Comparing these is very "apples and oranges", but I think you'd better have a strong background in both if you're gonna try.
> Learning technical skills like draughtsmanship is harder than learning programming because you can't just log onto a free website and start getting instant & accurate feedback on your work.
Really? I sometimes wonder what people think programming really is. Not what you describe, obviously.
Same if true by the way for writing. So? Doesn‘t mean writing well is easy.
Not sure I fully understand your second point: are you implying that I don't really know what programming is?
Twenty years down the pike I've gotten pretty solid at programming, certainly not genius-level but competent.
I agree strongly that making art anyone cares anout is massively harder than being a competent programmer.
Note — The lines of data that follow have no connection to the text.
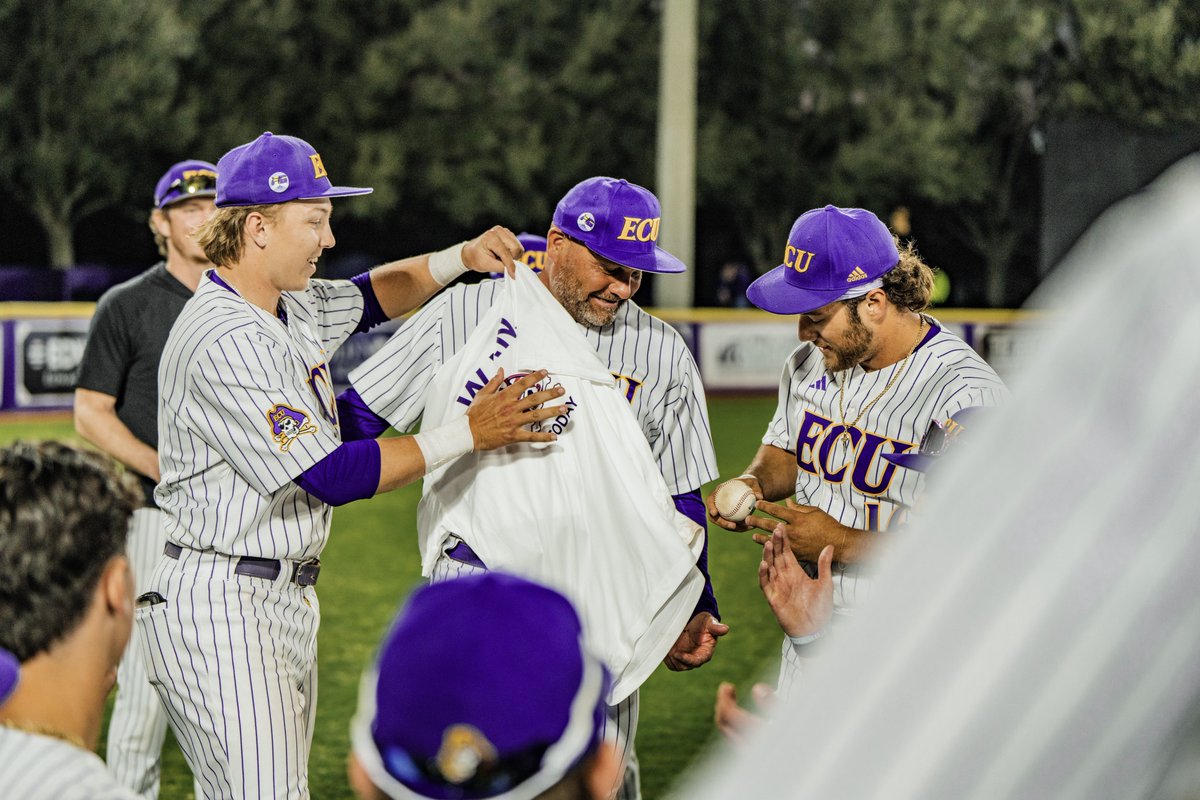 Grateful. 🤟🏴‍☠️

#PIRATES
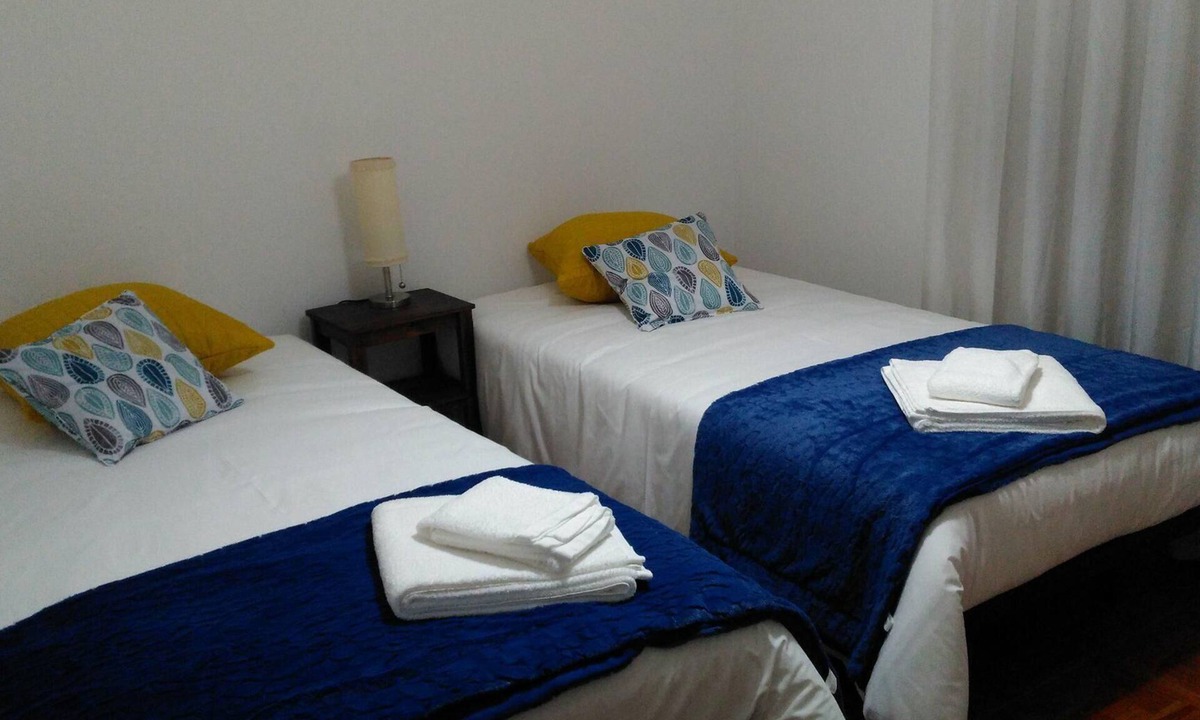 Lousa House | Casa da Nôr .Local accommodation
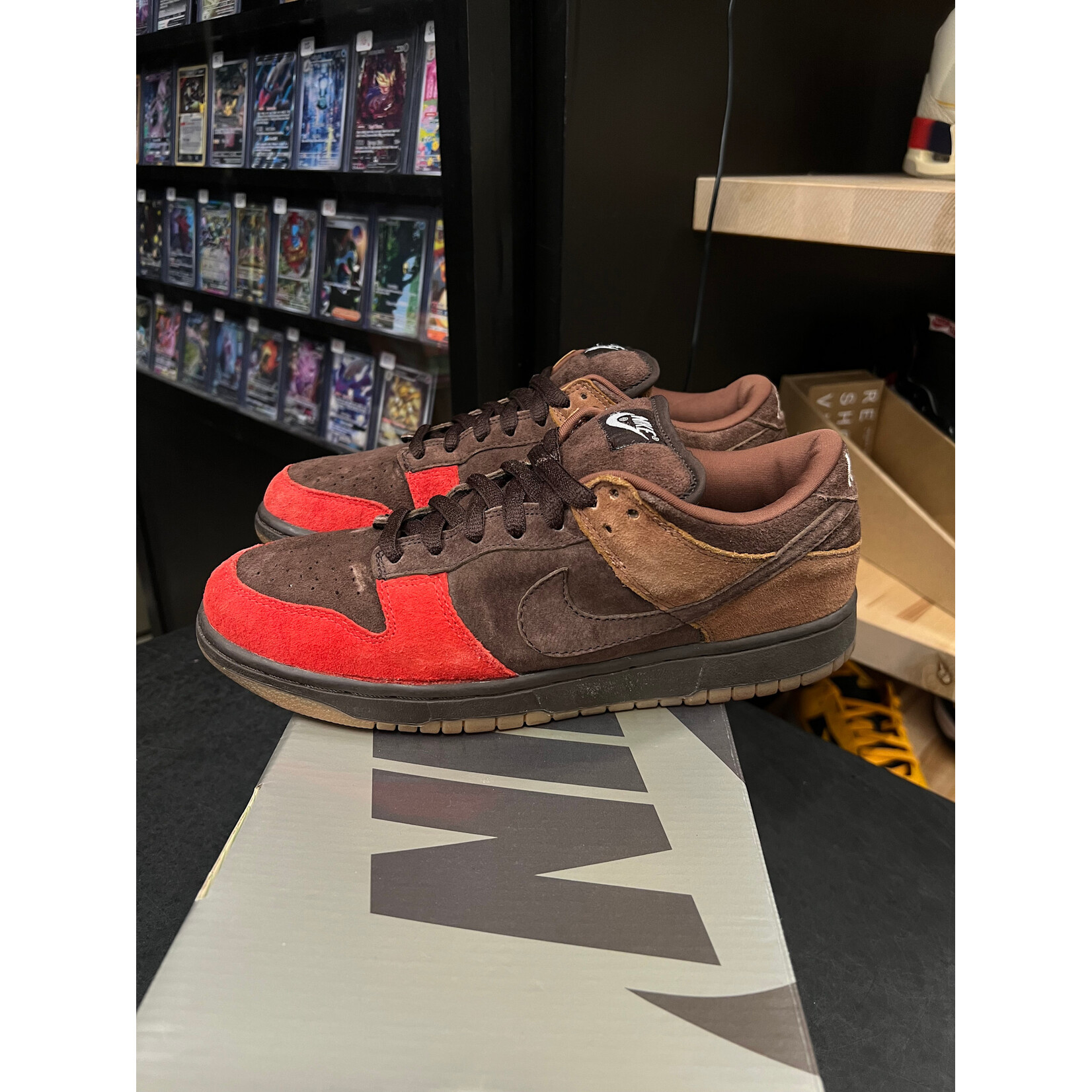 Nike Nike SB Dunk Low Bison Size 9, PREOWNED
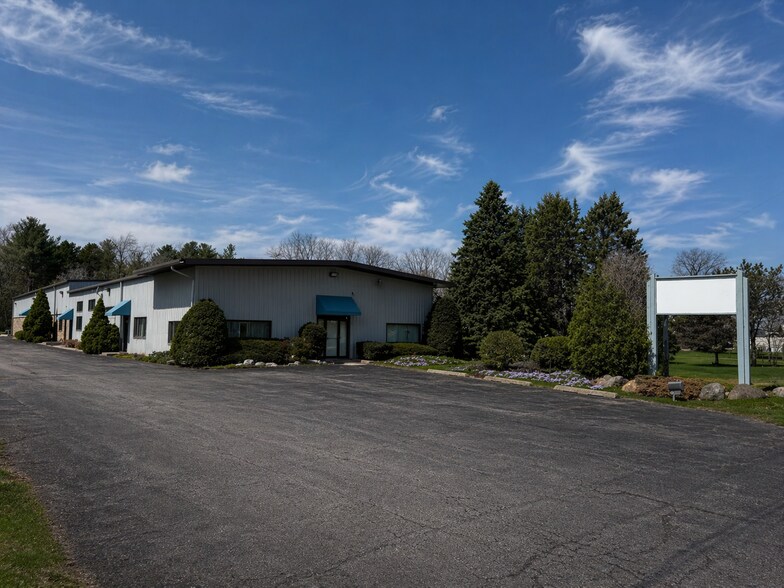 More Photos Of 3119 S Route 31, Prairie Grove Warehouse For Sale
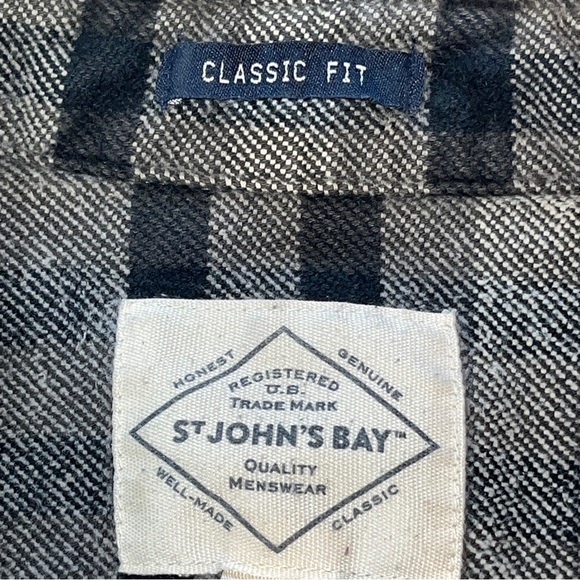 St Johns Bay BLACK GRAY work SHIRT “Classic Fit” heavy plaid FLANNEL Cotton LRG - Picture 14 of 16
In both you need strong technical abilities to be effective, but intuition and a deep grasp of human psychology are really crucial in art - almost table stakes.
Because software dev is usually practical, a craft, you can get paid decently with far less brilliance and fire than will suffice to make an artist profitable.
...though perhaps the DNN code assist tools will change that soon.
What search algorithms have you developed?
What non-trivial, non-Flask/Django/React, non-plugin/non-API tool, or library, or frameworks, have you written?
What actual percentage of your work output comprises computationally hard problems?
If we're talking programming, that's real programming, the kind you should be comparing 'hard' art to.